─── Extracted records ───

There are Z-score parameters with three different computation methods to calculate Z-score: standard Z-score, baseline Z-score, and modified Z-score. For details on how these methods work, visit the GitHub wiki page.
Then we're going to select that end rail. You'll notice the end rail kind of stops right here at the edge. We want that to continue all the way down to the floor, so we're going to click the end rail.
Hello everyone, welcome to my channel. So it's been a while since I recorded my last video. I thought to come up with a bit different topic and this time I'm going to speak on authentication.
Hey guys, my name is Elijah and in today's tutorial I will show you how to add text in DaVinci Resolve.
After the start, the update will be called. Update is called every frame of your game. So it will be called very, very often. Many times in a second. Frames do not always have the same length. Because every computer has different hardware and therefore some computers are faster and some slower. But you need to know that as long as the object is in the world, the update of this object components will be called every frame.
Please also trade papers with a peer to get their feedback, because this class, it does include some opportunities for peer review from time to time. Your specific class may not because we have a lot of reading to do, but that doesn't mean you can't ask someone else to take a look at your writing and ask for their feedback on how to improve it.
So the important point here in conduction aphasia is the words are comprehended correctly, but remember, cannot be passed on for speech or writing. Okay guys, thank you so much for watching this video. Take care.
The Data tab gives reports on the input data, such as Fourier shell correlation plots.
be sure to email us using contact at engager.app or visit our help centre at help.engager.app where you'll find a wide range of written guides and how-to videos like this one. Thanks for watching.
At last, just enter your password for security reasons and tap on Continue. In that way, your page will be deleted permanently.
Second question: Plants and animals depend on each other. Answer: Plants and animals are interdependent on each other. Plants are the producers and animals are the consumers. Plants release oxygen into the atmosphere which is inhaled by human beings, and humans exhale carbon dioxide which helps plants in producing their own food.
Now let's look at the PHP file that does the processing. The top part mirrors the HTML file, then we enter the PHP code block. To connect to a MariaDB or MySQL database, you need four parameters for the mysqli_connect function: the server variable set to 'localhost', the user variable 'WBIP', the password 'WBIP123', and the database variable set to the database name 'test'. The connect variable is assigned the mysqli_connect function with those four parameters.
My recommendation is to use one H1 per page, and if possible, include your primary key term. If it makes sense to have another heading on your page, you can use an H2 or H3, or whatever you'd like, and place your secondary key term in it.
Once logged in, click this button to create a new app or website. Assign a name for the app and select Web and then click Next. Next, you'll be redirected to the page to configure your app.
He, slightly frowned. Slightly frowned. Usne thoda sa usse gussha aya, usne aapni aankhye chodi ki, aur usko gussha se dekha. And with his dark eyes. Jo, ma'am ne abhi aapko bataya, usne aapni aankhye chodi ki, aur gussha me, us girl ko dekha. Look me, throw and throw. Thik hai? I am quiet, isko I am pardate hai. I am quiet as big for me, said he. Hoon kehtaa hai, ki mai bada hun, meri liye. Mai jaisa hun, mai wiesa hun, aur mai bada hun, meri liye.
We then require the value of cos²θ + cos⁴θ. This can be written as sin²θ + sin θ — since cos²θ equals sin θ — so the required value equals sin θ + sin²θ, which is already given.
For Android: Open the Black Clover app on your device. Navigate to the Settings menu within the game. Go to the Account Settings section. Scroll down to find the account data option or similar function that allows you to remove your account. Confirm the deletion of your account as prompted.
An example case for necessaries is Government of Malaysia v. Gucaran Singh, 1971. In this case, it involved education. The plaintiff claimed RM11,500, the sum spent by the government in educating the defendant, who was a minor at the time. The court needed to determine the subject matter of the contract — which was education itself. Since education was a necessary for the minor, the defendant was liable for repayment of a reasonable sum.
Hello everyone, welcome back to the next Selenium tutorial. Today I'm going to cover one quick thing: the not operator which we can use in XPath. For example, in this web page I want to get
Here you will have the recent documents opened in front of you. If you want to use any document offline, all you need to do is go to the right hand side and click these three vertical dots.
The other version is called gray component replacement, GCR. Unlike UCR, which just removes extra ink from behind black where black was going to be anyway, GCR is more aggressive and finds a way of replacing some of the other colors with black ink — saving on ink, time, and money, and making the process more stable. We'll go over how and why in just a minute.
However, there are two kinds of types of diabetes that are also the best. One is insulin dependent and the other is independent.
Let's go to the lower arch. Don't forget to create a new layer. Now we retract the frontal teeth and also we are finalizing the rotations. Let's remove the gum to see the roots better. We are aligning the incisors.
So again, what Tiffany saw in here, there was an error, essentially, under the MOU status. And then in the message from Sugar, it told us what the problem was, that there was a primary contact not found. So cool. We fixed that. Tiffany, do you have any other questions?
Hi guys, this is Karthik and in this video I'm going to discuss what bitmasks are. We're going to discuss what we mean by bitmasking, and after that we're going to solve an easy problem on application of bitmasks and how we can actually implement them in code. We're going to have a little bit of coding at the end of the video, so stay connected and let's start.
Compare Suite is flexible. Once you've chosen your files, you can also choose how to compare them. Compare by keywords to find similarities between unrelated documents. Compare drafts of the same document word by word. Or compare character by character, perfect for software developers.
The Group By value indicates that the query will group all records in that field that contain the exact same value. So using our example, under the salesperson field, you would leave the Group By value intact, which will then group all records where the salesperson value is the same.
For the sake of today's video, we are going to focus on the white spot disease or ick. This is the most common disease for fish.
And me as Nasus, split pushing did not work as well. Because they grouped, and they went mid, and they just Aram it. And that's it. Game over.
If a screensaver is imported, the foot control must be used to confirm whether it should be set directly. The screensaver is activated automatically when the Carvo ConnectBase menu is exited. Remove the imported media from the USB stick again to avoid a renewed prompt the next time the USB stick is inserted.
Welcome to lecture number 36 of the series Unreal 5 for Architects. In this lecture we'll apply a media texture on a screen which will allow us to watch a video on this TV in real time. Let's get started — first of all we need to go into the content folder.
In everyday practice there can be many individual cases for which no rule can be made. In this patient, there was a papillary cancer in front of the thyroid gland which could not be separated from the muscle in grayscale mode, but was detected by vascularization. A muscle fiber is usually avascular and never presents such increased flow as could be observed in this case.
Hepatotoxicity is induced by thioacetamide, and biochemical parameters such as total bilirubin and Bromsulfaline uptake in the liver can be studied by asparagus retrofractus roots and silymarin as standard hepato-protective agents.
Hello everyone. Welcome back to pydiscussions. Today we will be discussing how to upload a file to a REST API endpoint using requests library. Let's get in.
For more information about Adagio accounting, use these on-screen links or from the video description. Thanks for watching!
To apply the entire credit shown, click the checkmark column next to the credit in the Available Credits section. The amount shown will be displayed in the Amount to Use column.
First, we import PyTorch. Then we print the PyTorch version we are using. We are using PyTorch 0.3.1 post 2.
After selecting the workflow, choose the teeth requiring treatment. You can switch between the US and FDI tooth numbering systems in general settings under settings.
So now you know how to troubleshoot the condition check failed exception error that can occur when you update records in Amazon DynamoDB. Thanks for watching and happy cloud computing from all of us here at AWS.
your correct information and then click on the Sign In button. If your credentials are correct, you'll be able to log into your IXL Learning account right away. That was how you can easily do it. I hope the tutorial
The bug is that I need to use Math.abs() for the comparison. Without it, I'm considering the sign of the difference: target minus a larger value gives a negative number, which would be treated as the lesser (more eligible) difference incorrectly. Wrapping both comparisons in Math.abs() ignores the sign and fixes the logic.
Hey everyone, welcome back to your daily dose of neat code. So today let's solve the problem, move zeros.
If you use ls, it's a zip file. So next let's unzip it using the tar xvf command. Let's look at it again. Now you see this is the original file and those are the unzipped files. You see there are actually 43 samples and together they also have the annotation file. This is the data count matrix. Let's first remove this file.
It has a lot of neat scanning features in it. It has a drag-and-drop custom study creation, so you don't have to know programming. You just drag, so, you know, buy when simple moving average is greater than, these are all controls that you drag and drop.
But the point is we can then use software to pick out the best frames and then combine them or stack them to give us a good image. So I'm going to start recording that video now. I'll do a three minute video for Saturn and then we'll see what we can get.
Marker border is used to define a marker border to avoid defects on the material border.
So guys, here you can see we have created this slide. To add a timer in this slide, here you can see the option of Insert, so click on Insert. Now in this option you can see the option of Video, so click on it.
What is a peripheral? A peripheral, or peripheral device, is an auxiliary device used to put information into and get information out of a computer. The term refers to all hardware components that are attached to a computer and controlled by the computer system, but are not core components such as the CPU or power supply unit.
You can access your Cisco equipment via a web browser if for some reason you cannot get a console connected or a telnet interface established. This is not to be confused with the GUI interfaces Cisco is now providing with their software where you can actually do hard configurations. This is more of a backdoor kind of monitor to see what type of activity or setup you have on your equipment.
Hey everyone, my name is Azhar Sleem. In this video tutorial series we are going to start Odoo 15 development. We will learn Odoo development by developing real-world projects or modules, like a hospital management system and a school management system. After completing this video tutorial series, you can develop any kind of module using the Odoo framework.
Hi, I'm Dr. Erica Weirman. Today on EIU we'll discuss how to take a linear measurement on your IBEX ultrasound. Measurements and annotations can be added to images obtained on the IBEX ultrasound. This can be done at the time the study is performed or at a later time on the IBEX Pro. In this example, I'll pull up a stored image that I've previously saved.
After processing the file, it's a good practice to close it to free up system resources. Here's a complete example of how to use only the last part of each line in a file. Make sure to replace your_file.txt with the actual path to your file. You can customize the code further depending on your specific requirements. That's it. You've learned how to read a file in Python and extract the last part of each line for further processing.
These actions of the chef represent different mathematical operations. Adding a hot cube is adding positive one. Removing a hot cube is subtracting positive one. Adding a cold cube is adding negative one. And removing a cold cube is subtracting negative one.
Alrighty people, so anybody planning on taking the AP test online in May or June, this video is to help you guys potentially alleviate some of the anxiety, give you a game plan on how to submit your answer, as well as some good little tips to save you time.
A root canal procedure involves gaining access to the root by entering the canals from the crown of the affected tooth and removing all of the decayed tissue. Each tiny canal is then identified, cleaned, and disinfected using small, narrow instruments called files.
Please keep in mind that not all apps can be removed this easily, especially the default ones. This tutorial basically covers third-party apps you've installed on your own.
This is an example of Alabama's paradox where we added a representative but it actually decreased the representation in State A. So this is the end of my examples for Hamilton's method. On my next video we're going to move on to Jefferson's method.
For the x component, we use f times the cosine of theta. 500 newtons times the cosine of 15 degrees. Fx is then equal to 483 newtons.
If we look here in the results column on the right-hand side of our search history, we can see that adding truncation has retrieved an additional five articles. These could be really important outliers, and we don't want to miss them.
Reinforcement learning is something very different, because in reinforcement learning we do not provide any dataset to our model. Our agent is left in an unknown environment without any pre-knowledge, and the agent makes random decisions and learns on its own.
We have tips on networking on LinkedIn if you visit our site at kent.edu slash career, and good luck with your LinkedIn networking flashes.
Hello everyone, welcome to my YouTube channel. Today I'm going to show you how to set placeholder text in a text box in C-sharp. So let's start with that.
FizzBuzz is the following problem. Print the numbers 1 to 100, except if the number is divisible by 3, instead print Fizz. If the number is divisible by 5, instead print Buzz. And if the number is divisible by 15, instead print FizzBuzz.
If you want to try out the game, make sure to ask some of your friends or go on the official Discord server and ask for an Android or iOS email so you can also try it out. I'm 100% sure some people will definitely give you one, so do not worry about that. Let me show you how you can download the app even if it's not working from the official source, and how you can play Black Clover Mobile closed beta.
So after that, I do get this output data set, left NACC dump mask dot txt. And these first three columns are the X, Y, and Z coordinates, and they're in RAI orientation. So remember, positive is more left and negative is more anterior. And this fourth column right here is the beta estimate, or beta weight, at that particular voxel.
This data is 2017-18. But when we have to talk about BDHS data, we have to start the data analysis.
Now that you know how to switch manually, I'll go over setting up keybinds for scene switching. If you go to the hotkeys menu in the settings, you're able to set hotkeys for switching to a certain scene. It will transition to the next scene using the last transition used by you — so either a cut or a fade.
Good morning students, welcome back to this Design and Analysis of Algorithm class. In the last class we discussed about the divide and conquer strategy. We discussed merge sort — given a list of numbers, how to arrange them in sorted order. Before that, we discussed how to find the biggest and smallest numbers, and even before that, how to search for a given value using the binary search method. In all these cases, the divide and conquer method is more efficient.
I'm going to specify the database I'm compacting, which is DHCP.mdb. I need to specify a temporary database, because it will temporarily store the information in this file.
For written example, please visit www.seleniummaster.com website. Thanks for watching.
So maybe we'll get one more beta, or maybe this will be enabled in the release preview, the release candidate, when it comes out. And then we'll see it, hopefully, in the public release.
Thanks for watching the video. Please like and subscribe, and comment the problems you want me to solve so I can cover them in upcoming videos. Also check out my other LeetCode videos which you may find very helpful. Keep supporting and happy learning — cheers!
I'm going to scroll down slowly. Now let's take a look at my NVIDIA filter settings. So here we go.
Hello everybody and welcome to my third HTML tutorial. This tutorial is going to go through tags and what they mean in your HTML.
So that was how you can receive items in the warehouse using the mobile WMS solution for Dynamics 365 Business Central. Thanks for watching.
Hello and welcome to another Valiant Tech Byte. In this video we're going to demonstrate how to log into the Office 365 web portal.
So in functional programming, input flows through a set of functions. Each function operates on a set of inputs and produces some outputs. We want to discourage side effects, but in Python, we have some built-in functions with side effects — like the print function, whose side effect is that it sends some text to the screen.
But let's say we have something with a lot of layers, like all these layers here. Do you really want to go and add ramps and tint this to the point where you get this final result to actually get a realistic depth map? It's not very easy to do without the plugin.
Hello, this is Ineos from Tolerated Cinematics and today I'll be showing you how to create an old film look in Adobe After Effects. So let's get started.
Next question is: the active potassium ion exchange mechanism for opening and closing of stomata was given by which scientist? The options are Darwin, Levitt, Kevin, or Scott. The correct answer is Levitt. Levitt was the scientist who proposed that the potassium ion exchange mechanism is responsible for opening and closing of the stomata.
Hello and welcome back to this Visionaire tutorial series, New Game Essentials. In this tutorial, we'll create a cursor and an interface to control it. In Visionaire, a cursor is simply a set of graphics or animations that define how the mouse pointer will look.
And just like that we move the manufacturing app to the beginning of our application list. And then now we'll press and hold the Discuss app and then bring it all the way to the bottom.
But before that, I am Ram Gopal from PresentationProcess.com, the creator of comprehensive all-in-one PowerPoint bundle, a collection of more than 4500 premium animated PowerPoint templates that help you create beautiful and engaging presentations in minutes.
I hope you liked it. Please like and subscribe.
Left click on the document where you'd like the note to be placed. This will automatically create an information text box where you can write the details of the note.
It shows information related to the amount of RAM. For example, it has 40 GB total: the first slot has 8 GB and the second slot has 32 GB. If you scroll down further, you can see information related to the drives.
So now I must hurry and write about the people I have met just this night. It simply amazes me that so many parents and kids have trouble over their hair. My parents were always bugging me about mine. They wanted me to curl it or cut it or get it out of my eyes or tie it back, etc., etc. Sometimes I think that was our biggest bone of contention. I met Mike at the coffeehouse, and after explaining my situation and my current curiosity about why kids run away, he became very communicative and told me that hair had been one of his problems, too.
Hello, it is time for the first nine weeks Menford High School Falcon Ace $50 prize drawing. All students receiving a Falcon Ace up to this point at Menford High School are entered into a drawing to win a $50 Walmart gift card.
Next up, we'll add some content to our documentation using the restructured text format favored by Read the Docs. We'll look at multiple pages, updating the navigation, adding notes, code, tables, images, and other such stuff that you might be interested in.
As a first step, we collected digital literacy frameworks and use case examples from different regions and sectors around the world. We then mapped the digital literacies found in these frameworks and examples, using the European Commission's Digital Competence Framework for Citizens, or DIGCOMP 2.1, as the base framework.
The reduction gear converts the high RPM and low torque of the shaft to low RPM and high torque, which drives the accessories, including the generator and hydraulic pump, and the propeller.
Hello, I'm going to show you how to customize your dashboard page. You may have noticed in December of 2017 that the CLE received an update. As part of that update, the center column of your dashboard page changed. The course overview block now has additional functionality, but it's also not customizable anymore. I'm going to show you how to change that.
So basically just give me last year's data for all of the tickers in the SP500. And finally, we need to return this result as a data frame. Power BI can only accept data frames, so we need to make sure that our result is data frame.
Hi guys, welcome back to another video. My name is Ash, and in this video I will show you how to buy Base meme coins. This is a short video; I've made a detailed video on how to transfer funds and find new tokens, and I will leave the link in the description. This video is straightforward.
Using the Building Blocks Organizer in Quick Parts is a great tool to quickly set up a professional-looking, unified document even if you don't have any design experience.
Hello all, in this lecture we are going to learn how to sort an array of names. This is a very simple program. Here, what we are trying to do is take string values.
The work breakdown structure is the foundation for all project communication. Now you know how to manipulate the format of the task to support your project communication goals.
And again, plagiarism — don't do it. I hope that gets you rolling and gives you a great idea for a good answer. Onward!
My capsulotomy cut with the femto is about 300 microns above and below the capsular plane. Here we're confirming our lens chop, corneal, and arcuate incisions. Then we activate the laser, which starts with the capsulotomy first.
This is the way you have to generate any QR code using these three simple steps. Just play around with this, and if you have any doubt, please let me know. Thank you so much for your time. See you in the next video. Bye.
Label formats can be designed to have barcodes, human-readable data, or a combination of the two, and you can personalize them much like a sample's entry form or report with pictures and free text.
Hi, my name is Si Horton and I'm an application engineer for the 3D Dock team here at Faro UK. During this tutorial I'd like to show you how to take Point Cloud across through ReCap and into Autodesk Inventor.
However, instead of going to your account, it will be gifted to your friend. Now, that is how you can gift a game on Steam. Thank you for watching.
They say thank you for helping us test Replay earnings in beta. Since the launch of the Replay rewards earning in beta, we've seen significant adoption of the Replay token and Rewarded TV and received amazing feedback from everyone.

───

_Task prompt_:
Your reply must contain exactly the lines from the first line of the data through the line holding "Hello everyone, welcome to my channel.", and nothing more.

_Problem solution_:
There are Z-score parameters with three different computation methods to calculate Z-score: standard Z-score, baseline Z-score, and modified Z-score. For details on how these methods work, visit the GitHub wiki page.
Then we're going to select that end rail. You'll notice the end rail kind of stops right here at the edge. We want that to continue all the way down to the floor, so we're going to click the end rail.
Hello everyone, welcome to my channel. So it's been a while since I recorded my last video. I thought to come up with a bit different topic and this time I'm going to speak on authentication.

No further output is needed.